══ Provided information ══

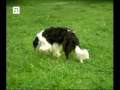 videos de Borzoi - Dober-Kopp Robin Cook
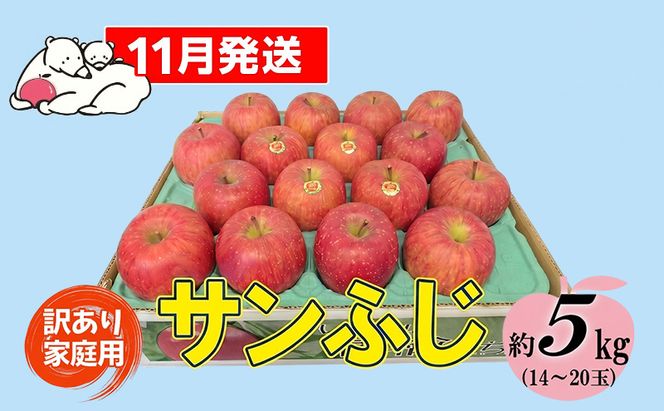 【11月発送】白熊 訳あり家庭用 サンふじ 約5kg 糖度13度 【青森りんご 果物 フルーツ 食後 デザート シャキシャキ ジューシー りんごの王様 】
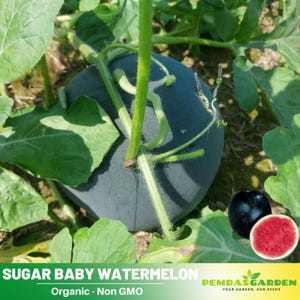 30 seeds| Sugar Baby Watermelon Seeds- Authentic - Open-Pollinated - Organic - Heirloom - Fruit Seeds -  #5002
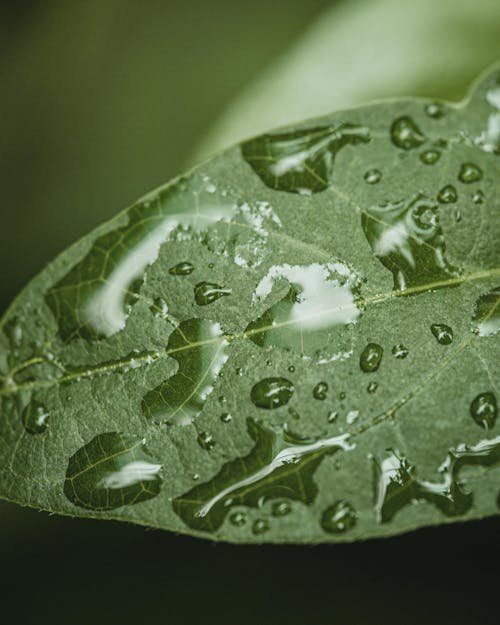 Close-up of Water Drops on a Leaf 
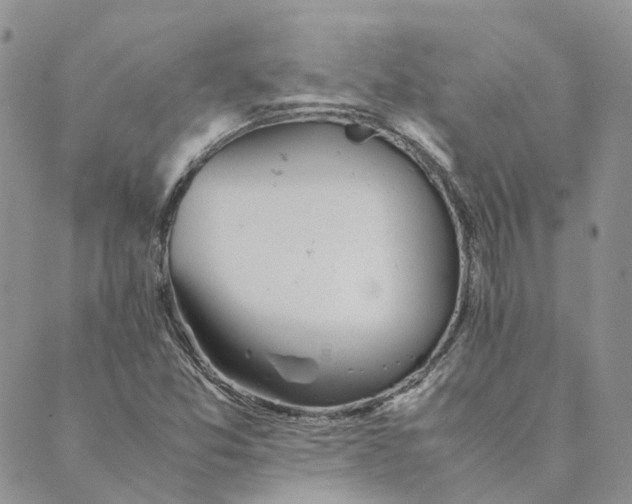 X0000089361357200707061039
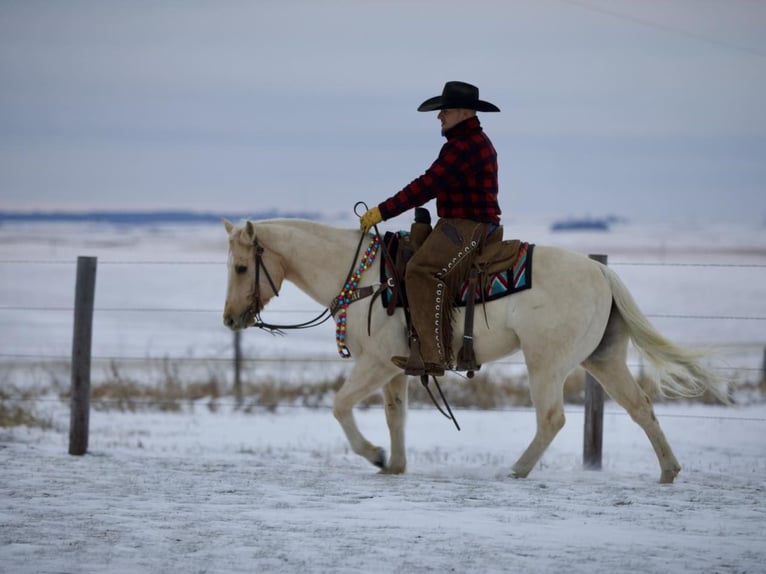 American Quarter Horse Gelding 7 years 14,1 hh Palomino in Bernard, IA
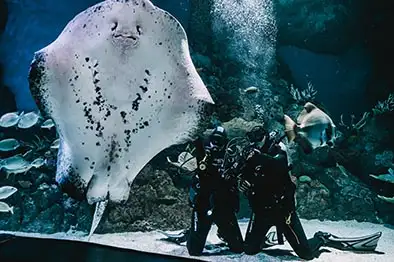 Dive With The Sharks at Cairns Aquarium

═══
══ Provided information ══

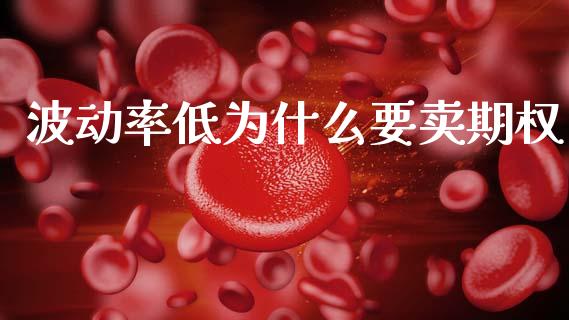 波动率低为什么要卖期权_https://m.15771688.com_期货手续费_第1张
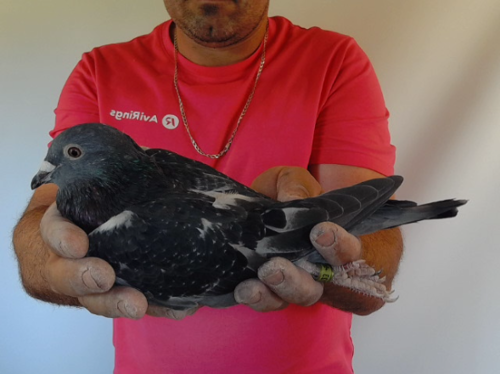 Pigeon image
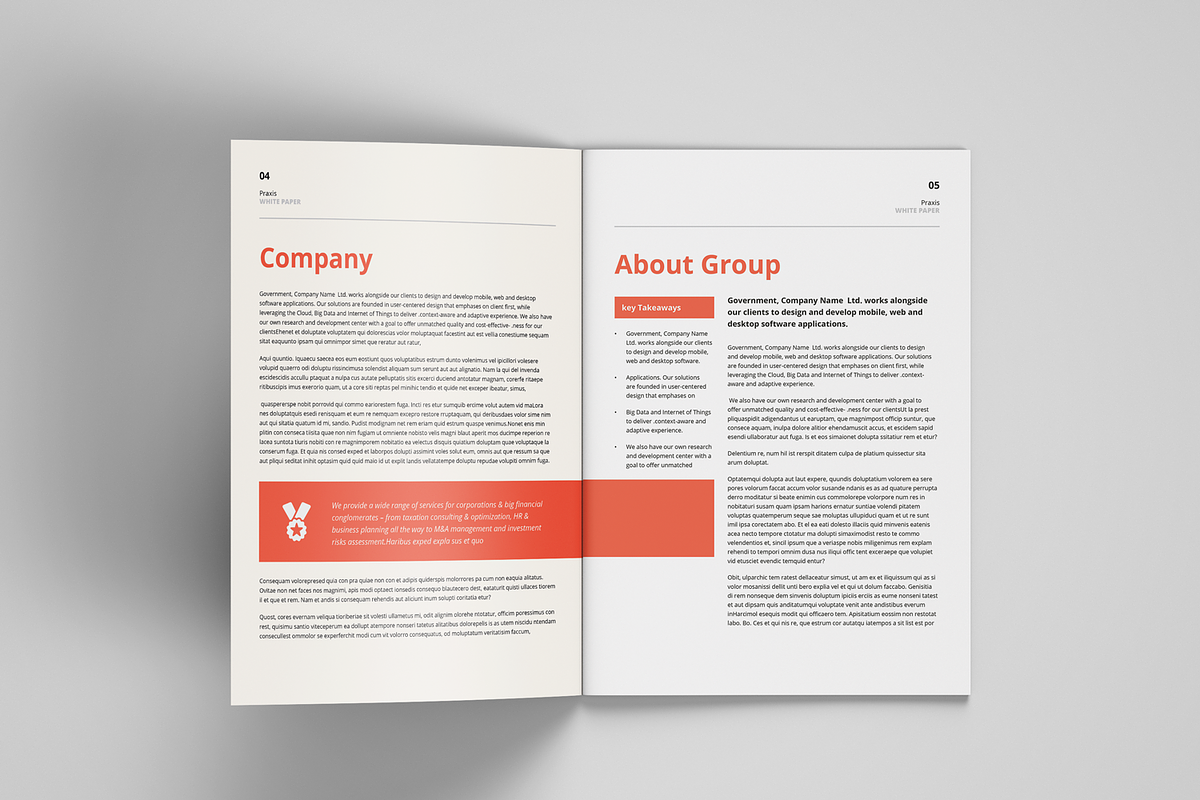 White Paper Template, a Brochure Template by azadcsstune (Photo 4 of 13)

═══

What should come back is an exact copy of the lines above from the line with "Close-up of Water Drops on a Leaf" to the line with "Dive With The Sharks at Cairns Aquarium", both included, minus the pictures.

**Exercise result**
 Close-up of Water Drops on a Leaf 
 X0000089361357200707061039
 American Quarter Horse Gelding 7 years 14,1 hh Palomino in Bernard, IA
 Dive With The Sharks at Cairns Aquarium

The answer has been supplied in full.